Once "Moto Express Yamaha" turns up in a line below, reproduce that line and those after it exactly, stopping after the line with "aluminium diecasting machine"; leave pictures out.

__Supplied data__.
_ _ _ _ _

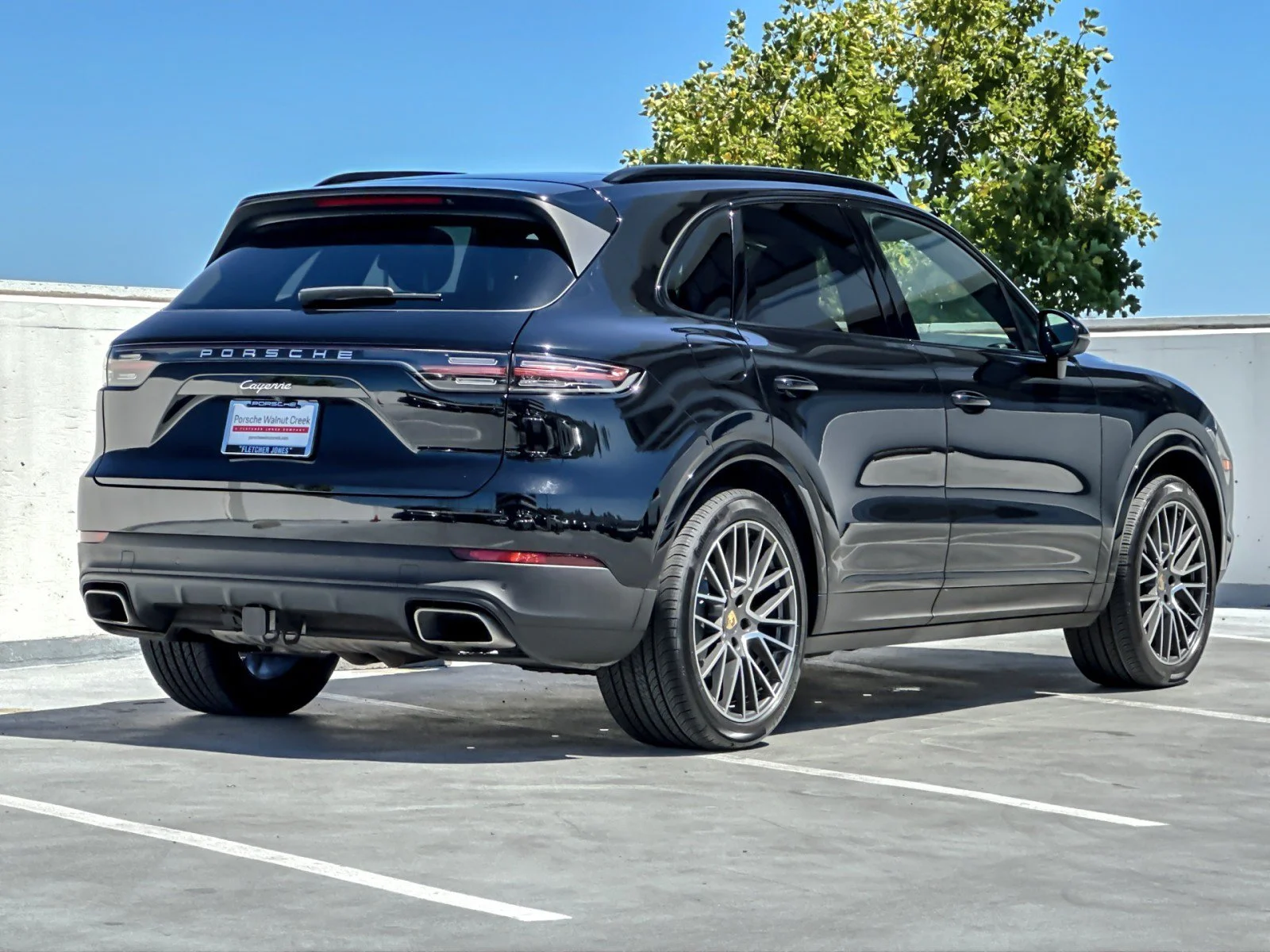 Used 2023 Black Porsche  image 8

_ _ _ _ _

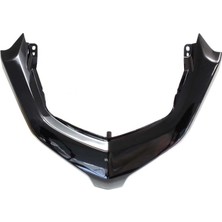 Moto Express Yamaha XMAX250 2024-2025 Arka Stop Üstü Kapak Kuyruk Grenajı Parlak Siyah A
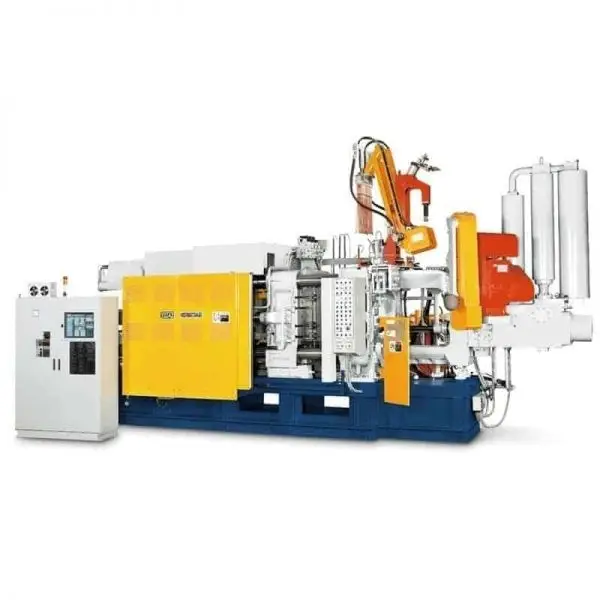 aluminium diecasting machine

_ _ _ _ _

__Answer below__.
 Moto Express Yamaha XMAX250 2024-2025 Arka Stop Üstü Kapak Kuyruk Grenajı Parlak Siyah A
 aluminium diecasting machine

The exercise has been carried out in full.